DATA EXCERPTS:
_ _ _ _

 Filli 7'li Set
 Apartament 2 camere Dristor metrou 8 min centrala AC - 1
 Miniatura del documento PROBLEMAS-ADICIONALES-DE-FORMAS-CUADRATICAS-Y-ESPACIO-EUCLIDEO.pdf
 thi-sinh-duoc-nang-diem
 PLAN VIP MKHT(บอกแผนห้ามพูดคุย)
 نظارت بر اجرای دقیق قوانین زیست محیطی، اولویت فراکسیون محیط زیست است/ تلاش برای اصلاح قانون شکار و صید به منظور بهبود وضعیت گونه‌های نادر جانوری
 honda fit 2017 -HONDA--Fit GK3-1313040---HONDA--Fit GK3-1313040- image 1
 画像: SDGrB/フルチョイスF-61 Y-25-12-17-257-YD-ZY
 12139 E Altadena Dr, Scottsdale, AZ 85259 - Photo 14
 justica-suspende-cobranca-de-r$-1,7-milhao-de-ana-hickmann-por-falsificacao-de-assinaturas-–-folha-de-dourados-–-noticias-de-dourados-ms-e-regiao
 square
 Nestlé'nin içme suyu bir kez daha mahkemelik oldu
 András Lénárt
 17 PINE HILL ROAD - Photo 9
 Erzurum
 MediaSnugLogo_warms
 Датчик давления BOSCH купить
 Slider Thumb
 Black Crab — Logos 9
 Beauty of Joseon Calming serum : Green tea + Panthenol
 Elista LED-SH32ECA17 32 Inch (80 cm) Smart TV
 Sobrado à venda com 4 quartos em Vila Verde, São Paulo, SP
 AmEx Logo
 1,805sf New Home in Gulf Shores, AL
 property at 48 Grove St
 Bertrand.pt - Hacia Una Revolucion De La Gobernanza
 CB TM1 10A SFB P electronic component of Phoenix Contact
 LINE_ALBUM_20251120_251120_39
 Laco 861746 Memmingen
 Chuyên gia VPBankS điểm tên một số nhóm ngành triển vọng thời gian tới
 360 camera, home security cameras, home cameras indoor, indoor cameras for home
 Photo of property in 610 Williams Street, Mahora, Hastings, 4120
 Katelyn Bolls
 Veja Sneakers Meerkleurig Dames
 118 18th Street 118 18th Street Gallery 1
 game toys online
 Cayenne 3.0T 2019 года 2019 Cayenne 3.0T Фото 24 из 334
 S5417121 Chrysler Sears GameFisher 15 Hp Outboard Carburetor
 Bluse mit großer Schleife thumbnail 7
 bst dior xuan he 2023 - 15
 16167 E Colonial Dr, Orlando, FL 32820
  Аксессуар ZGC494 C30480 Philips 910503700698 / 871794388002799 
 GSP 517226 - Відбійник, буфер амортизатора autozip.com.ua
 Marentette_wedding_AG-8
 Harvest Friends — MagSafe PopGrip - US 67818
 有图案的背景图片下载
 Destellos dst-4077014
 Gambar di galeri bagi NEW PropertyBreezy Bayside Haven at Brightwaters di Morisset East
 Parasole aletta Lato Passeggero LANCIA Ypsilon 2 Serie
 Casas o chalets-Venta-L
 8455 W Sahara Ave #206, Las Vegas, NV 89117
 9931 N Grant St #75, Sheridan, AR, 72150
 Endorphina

_ _ _ _

GOAL OF THE EXERCISE: Using the data above, reproduce exactly the lines between those holding "Laco 861746 Memmingen" and "game toys online", inclusive, and no others.

EXERCISE RESPONSE:
 Laco 861746 Memmingen
 Chuyên gia VPBankS điểm tên một số nhóm ngành triển vọng thời gian tới
 360 camera, home security cameras, home cameras indoor, indoor cameras for home
 Photo of property in 610 Williams Street, Mahora, Hastings, 4120
 Katelyn Bolls
 Veja Sneakers Meerkleurig Dames
 118 18th Street 118 18th Street Gallery 1
 game toys online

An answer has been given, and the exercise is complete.